Airmap, a Dronecode Project member, has just released a very thoughtful and detailed White Paper on a proposed scalable registration system for drones. From the paper:
A robust and scalable registration system considers the right technologies for its organization, registration information, queries, and security as the UAS ecosystem expands. This paper argues that careful selection of current Internet technologies and protocols can help enable the creation of a registration system that serves present needs but will also evolve as technology advance
Comments
This is to secure the airspace for Big Drone. There is zero benefit for the consumer.
The solution that ENAC want for the identification of UAV in Italy
UAS != Internet
Assuming it will be possible to ensure communication between drones and internet (big brother) in flight, is optimistic at best.
Dear god this is getting a bit 1984 isn't it? This paper starts off by positioning itself as a technology focused paper but quickly moves into a global orwellian utopia. It (hopefully) misinterprets the aim of the FAA registration system to be a total lockdown surveillance of the airspace and then rapidly maps the entire airspace onto the internet DNS system and infers itself as the central registrar. Oh wait a second, who's an author of this paper, the chairman of ICANN? The most self-serving, controlling, 'global we rule the world oh wait we don't have jurisdiction of the world' organisation to have ever existed? Next, please.
ADS-B is a far more sensible approach to these kinds of issues. Safety focused, inherently centralised or meshed positional network to allow safe, dense use of the airspace, less about selfish commercial interests.

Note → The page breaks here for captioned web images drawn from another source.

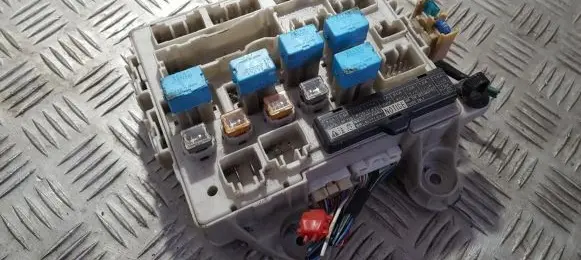 Toyota Previa (XR30, XR40) II Fuse box set 8922128140 89221-28140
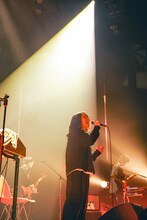 尾崎雄貴（Vo, G）（Photo by SHUN ITABA）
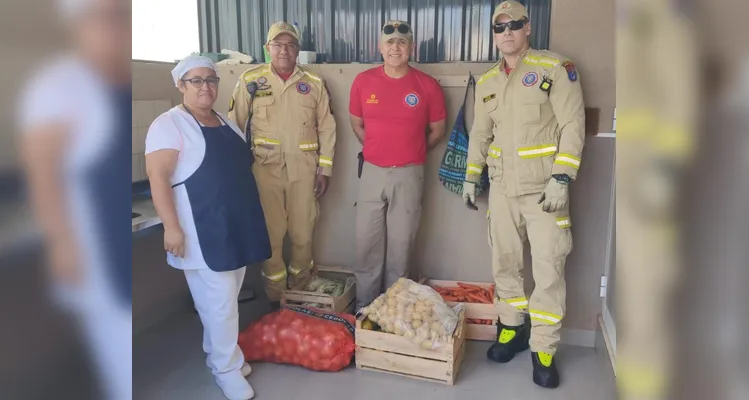 Corpo de Bombeiros de PG realiza projeto sustentável para apoiar instituições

Network topology drawings are a dime a dozen. A better topology is one that doesn't require one. Autonomous aircraft know how to operate safely in their environment as well as in collectives(think flying organic systems as a model: bees, birds, bats, etc....) The level of infrastructure used in the above drawing is overkill. Imagine every morning that you woke up(i.e. an autonomous human), you had to ping a server to see if you were authorized to open your front door. Welcome to the movie plot from Brazil. Maybe the ability to fire a bullet from a gun should be authenticated against a server before firing. I think that is a much more applicable/life saving system. :)
Will the FAA take the attitude of "not invented here"?